Exercise instructions →
Your job is to transcribe all the records that follow, excluding any pictures.
(Material provided)
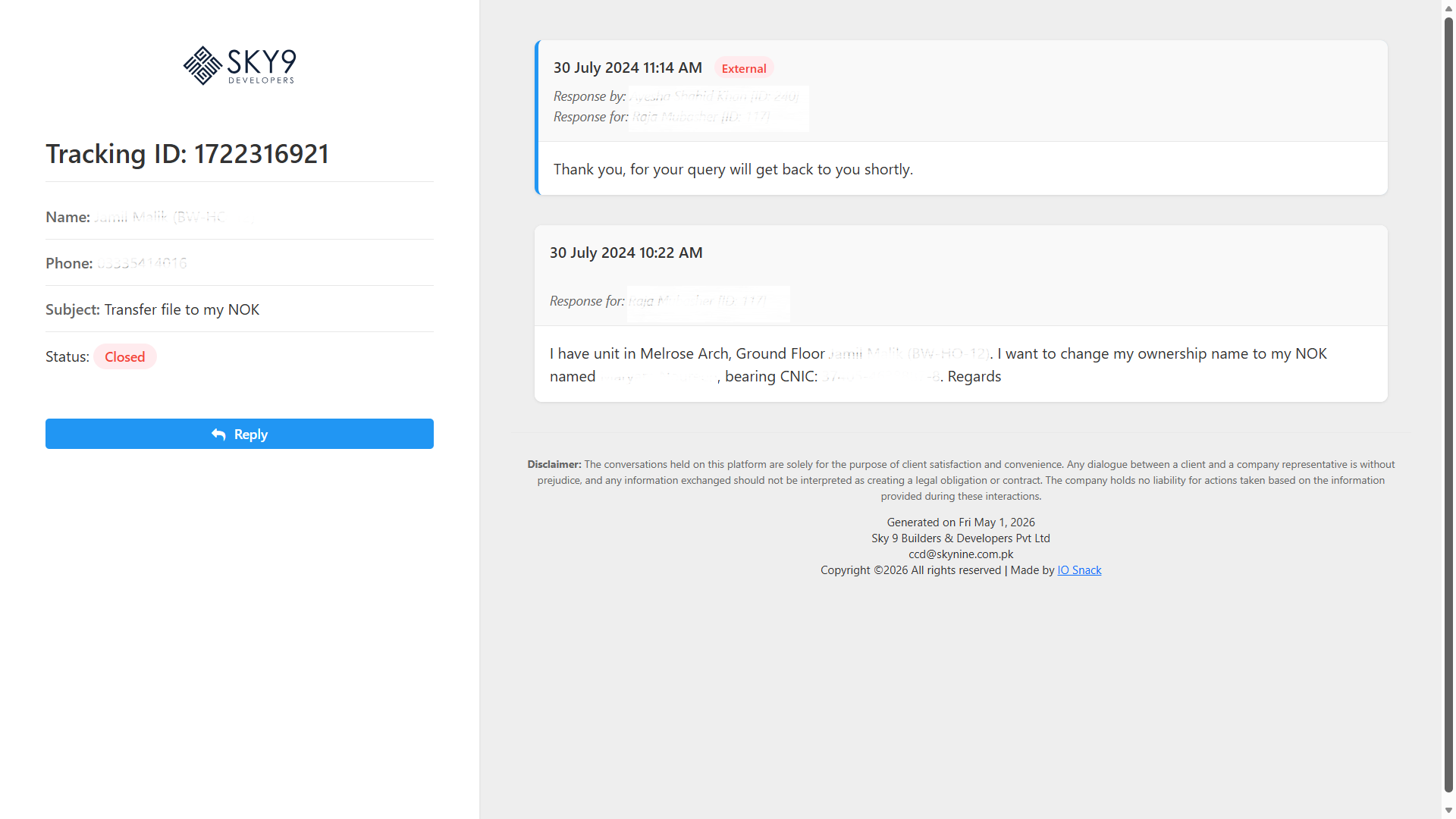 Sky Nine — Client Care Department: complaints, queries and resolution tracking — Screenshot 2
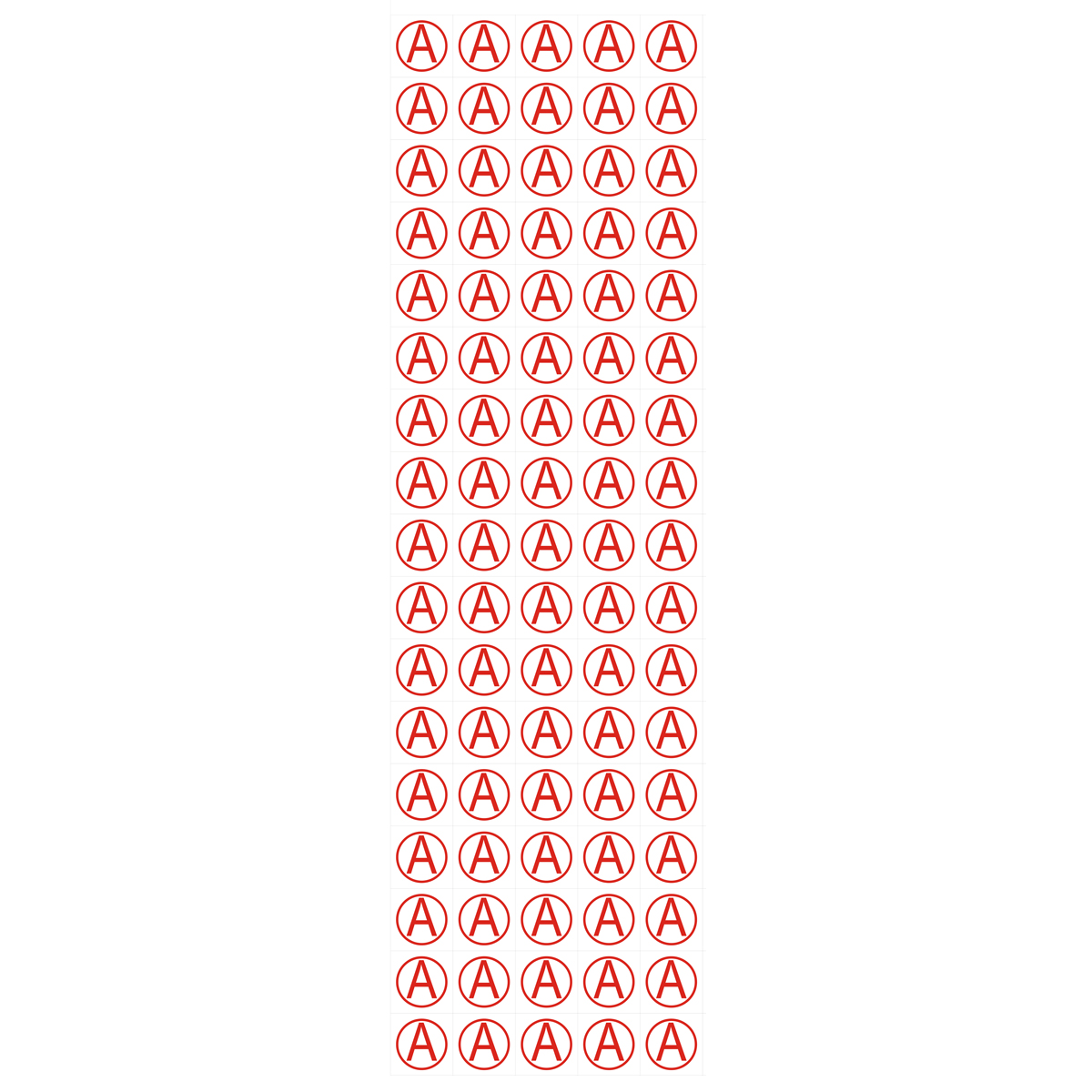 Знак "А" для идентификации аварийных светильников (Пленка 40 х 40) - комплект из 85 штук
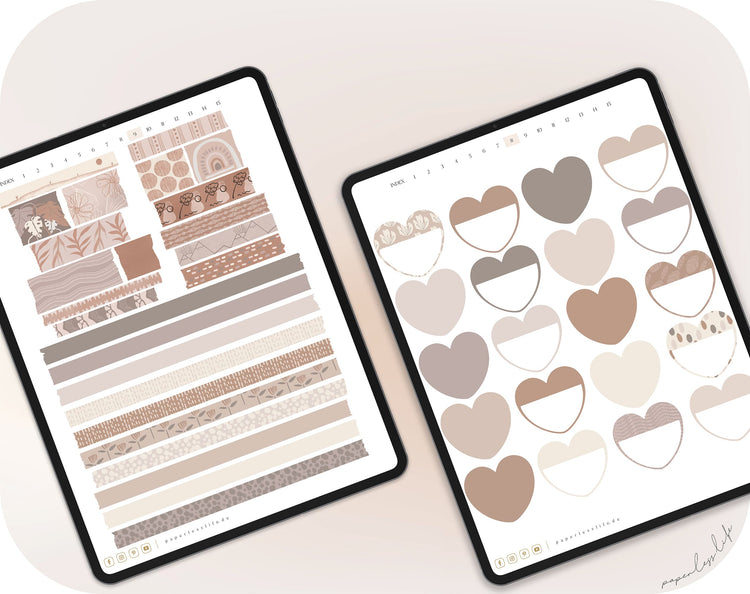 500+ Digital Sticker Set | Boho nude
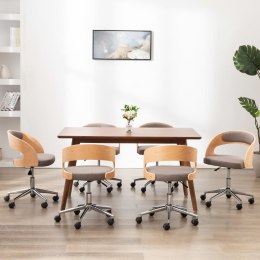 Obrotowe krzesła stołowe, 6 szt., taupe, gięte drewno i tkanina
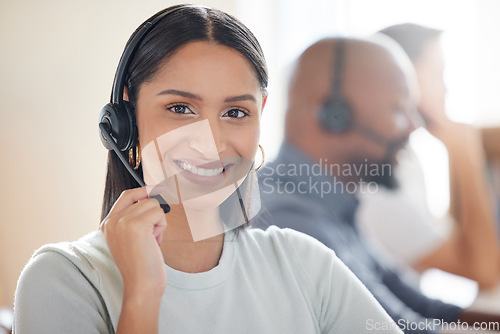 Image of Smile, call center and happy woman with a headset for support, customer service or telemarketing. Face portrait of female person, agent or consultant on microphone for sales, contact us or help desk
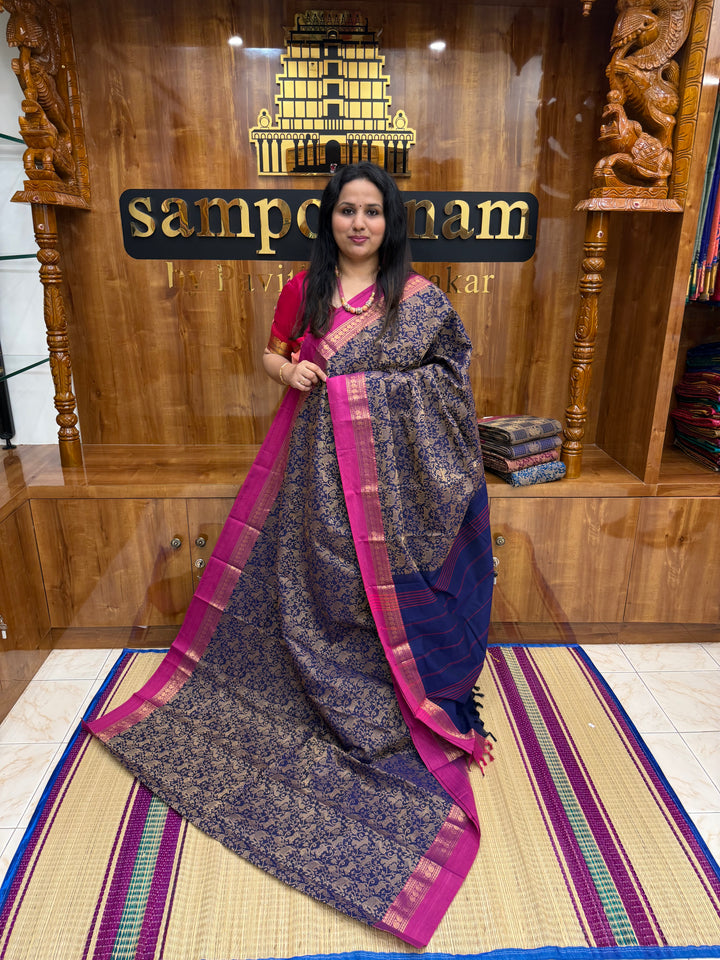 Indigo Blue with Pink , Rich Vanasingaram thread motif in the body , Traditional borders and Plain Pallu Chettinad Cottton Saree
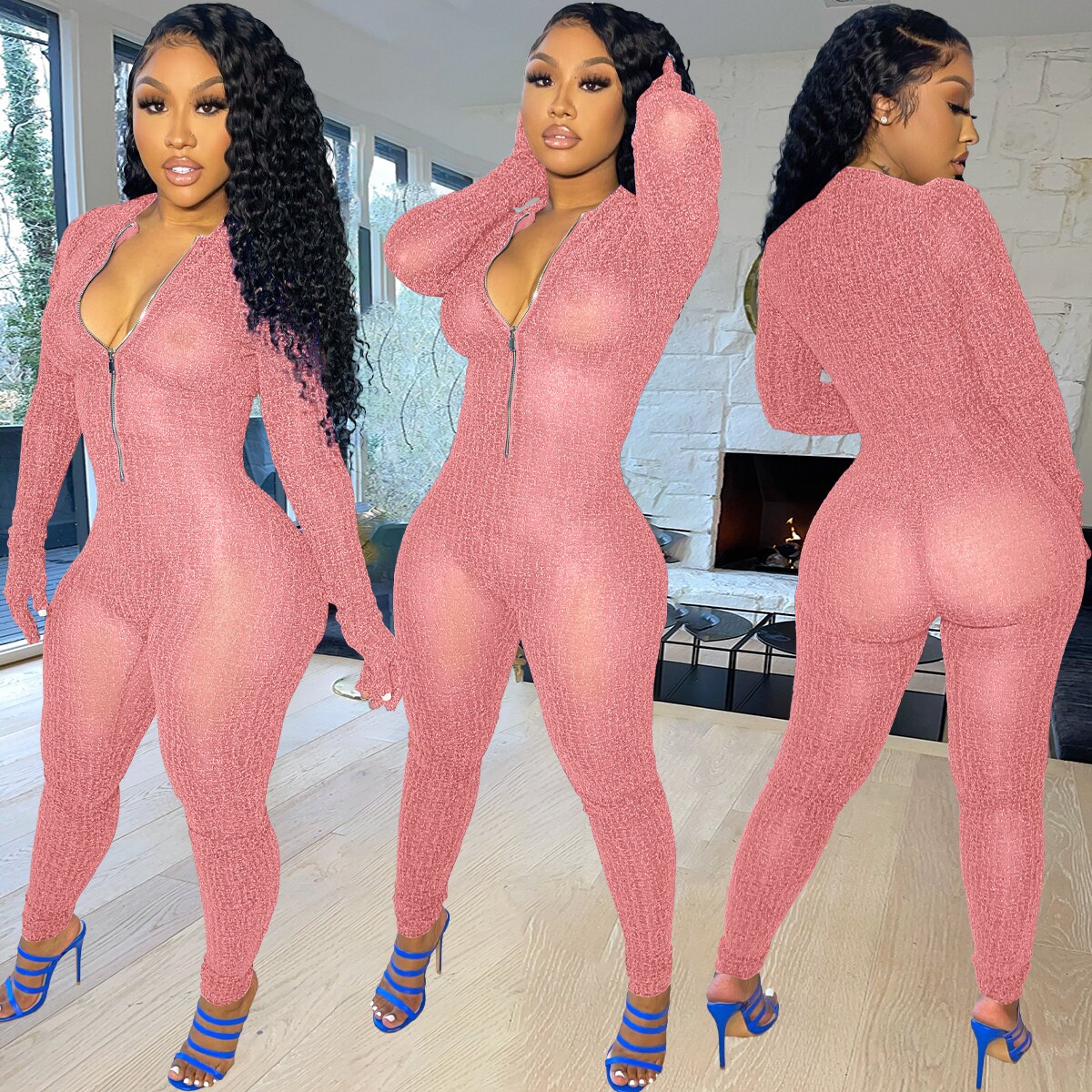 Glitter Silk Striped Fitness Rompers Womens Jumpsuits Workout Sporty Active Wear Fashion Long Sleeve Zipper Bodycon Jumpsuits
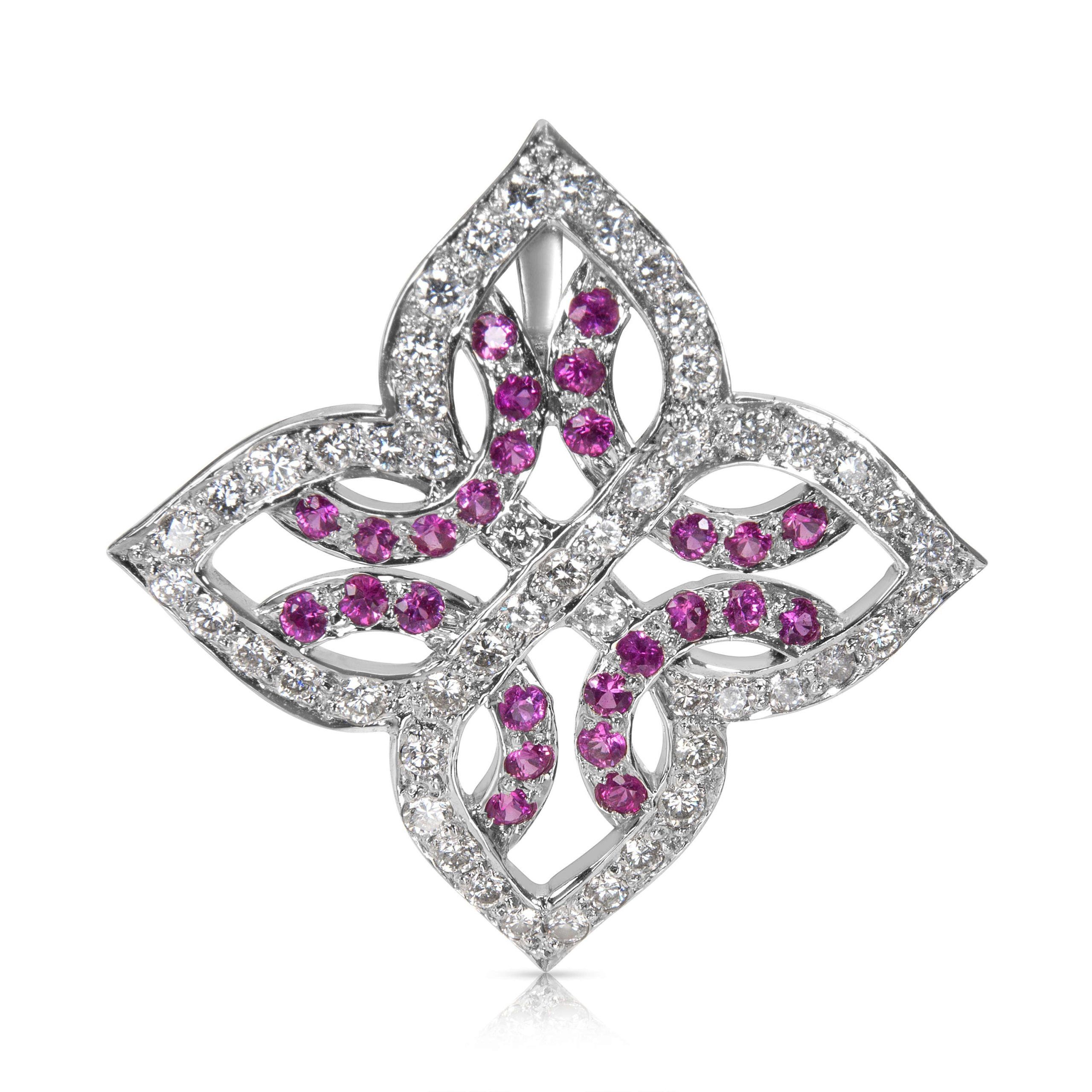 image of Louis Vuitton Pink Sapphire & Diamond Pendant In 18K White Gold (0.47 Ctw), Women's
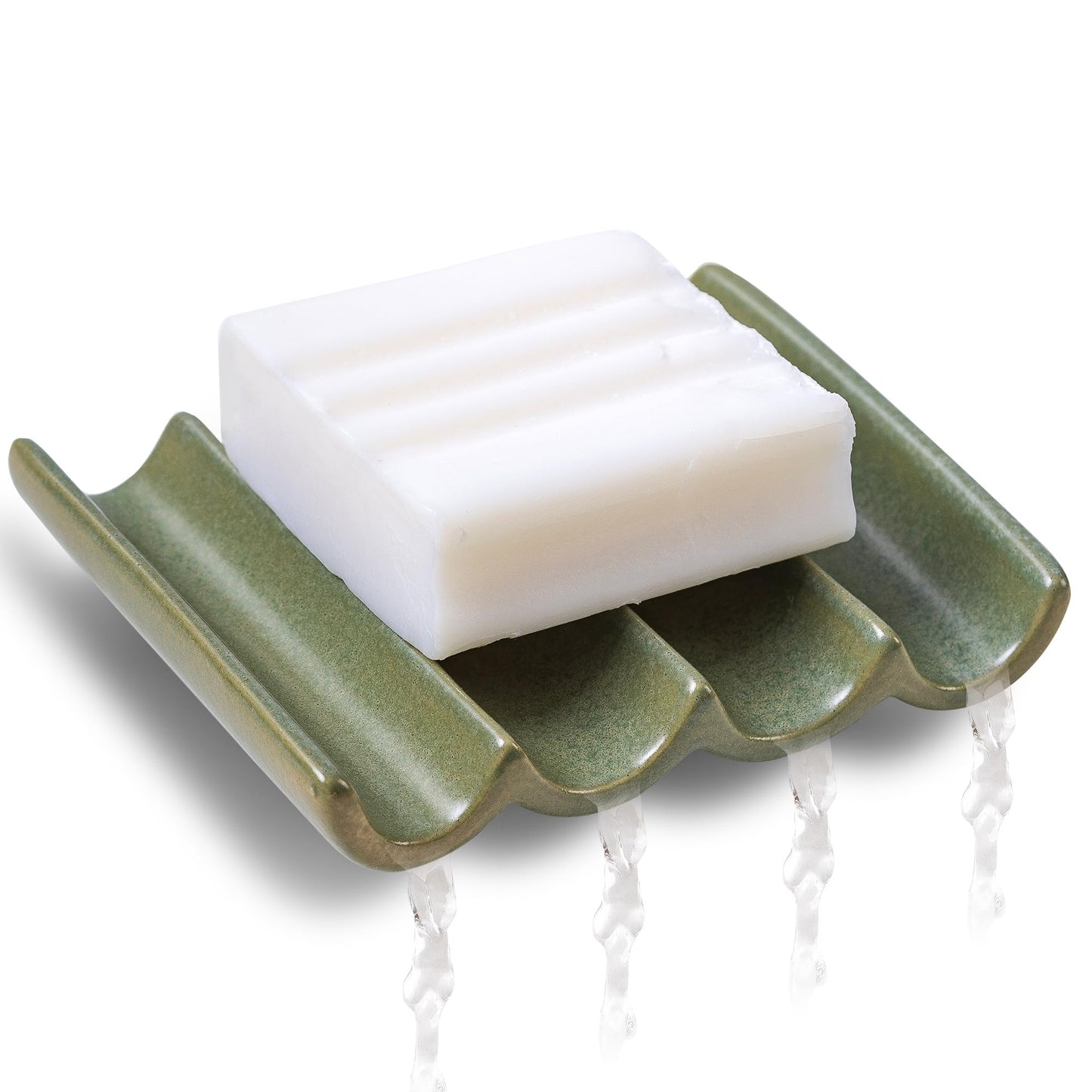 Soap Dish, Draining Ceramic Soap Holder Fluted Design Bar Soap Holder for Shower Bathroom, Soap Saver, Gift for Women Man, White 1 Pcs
(End Material provided)
Solution to the problem →
 Sky Nine — Client Care Department: complaints, queries and resolution tracking — Screenshot 2
 Знак "А" для идентификации аварийных светильников (Пленка 40 х 40) - комплект из 85 штук
 500+ Digital Sticker Set | Boho nude
 Obrotowe krzesła stołowe, 6 szt., taupe, gięte drewno i tkanina
 Image of Smile, call center and happy woman with a headset for support, customer service or telemarketing. Face portrait of female person, agent or consultant on microphone for sales, contact us or help desk
 Indigo Blue with Pink , Rich Vanasingaram thread motif in the body , Traditional borders and Plain Pallu Chettinad Cottton Saree
 Glitter Silk Striped Fitness Rompers Womens Jumpsuits Workout Sporty Active Wear Fashion Long Sleeve Zipper Bodycon Jumpsuits
 image of Louis Vuitton Pink Sapphire & Diamond Pendant In 18K White Gold (0.47 Ctw), Women's
 Soap Dish, Draining Ceramic Soap Holder Fluted Design Bar Soap Holder for Shower Bathroom, Soap Saver, Gift for Women Man, White 1 Pcs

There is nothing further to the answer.